Doesn't work on huge or improperly formatted json files #10

davidawad · 2018-02-28T02:16:21Z

I've been having a lot of specific problems that your tool would be PERFECT for, but I might be running against some bugs that are unique to my problem.

So normally I'd use jj to take a file that might not be perfect JSON (meaning that it may contain trailing slashes) and use jj to read this json file and parse it out, and then print it in the proper format in order for something else to consume that. I'm finding that this isn't working with larger json files and jj is blowing up their size (taking files from 44MB -> 5GB)

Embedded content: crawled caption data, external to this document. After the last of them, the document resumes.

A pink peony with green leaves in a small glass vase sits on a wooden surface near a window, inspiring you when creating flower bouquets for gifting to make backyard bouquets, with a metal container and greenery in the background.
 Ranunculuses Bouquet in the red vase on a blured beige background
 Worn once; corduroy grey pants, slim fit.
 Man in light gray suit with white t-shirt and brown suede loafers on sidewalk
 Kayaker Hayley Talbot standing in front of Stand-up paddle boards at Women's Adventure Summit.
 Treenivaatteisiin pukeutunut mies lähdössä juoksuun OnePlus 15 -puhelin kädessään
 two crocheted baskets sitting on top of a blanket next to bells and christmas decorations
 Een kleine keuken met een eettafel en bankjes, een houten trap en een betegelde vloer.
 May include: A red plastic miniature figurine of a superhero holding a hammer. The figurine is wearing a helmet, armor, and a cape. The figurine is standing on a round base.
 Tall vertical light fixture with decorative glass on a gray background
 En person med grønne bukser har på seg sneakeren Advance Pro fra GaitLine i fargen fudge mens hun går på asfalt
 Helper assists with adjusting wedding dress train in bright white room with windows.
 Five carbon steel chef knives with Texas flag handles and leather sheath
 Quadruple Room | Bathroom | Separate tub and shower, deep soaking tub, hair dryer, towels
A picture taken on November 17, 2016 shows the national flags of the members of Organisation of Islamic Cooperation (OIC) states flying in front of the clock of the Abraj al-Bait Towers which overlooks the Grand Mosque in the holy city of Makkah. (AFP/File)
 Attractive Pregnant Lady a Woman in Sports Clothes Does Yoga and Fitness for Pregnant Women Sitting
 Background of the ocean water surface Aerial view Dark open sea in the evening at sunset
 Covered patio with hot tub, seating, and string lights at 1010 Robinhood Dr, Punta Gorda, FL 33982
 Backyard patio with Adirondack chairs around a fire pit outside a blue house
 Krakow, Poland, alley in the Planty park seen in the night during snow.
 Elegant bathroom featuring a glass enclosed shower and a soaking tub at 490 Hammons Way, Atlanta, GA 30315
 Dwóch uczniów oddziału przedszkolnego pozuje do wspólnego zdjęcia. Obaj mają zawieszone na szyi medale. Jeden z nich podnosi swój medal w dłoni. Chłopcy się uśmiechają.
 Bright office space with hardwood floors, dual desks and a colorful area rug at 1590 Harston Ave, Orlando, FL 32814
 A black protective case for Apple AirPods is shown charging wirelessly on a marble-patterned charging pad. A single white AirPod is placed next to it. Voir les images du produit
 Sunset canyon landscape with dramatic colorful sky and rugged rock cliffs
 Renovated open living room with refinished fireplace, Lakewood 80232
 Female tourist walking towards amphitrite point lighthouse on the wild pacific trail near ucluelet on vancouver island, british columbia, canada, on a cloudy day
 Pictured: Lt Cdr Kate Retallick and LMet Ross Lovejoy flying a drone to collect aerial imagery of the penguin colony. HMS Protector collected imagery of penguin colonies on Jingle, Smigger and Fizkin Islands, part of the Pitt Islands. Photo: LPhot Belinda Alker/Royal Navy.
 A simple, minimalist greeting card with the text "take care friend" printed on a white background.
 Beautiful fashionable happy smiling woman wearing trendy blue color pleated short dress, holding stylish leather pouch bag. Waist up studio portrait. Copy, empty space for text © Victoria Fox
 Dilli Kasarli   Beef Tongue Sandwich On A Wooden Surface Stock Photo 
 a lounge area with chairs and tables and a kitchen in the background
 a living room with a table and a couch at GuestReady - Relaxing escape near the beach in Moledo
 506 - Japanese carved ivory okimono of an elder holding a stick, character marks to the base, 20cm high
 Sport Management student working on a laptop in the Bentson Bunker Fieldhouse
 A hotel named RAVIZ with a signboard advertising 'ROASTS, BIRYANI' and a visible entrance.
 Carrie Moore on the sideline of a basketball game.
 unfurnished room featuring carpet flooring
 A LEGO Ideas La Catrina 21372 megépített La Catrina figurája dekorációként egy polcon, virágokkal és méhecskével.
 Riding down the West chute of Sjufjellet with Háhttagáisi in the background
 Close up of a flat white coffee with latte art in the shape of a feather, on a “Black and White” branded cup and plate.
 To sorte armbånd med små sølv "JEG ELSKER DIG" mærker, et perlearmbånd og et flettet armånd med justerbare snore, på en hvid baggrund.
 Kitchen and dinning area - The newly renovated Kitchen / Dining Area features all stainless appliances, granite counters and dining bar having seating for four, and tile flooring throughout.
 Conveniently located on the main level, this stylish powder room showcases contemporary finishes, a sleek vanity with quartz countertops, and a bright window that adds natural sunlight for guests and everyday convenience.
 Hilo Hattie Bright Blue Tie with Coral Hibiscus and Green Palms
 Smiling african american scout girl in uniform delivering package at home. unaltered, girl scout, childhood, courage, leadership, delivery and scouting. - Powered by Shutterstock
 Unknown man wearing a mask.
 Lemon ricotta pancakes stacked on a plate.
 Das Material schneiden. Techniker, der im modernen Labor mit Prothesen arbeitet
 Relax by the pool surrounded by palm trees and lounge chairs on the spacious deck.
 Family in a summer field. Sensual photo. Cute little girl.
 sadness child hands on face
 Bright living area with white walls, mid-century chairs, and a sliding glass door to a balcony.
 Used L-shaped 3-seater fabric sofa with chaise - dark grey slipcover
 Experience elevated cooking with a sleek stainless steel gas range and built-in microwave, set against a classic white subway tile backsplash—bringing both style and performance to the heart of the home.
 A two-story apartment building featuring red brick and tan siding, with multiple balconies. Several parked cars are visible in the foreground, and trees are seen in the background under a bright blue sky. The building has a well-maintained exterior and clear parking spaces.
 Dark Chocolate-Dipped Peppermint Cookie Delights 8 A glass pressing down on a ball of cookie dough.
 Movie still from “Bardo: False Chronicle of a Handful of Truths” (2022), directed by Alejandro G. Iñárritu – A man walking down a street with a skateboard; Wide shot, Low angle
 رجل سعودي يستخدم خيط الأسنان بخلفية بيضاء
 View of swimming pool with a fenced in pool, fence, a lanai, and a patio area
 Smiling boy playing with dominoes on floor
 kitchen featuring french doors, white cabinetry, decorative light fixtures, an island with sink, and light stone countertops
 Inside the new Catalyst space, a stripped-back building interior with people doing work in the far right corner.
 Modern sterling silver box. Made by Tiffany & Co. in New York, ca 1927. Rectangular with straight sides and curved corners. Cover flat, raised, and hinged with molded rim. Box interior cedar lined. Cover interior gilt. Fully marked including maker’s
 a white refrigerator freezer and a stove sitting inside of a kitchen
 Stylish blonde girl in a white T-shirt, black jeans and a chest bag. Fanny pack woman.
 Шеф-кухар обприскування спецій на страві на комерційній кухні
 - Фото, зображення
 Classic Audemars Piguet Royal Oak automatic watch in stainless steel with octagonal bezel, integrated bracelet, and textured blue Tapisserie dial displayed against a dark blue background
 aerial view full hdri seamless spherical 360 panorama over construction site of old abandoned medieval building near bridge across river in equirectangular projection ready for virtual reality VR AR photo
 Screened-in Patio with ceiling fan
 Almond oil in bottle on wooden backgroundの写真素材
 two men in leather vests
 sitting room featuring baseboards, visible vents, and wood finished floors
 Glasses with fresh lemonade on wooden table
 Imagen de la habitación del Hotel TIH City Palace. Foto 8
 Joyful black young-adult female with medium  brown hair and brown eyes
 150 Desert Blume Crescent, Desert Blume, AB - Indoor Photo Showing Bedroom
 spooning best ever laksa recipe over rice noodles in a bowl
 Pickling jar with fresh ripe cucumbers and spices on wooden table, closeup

To be more specific, here's what I"m doing.

$ echo '[{"id": 1, "name": "Arthur", "age": "21"},{"id": 2, "name": "Richard", "age": "32"}]' | jj -p
# works fine
$ echo '[{"id": 1, "name": "Arthur", "age": "21"},{"id": 2, "name": "Richard", "age": "32"}]' | jq --color-output
# works fine

This works perfectly fine. I input a correct json object and both jq and jj are able to handle that.

JJ is better for me because I have what I'll call lossy JSON. My lossy json has things like trailing commas in the file that cause it to fail typical validation.

echo '[{"id": 1, "name": "Arthur", "age": "21", },{"id": 2, "name": "Richard", "age": "32",}]' | jj -p
# works fine

echo '[{"id": 1, "name": "Arthur", "age": "21", },{"id": 2, "name": "Richard", "age": "32",}]' | jq --color-output
#jq errors on me 
parse error: Expected another key-value pair at line 1, column 43

I need to read these JSON files in other programs after parsing them and making sure that they don't have these commas.
So I've been passing them through JJ and then sending them to jq to validate them.

$ echo '[{"id": 1, "name": "Arthur", "age": "21", },{"id": 2, "name": "Richard", "age": "32",}]' | jj -p  | jq --color-output

Now I've noticed that it's only when i use jj -p that JJ does this convenient functionality that I'm leveraging to clear the trailing commas.

I want the file to be small but I also want it to be valid.
So I'm now doing something like this:

$ echo '[{"id": 1, "name": "Arthur", "age": "21", },{"id": 2, "name": "Richard", "age": "32",}]' | jj -p  | jj -u | jq --color-output

Now I'm getting the best of both worlds. It's expensive, but I don't care since I'm more interested in making sure the data is formatted correctly and don't care about my cpu grinding this out for a few more minutes.

The problem is that passing larger files through JJ -p is not blowing up their file size like crazy. (43 -> 732M)

Here's a screenshot of what I'm seeing that I think is causing these huge size increases.

Size of course, is no issue if the data is usable, however it doesn't seem to be so.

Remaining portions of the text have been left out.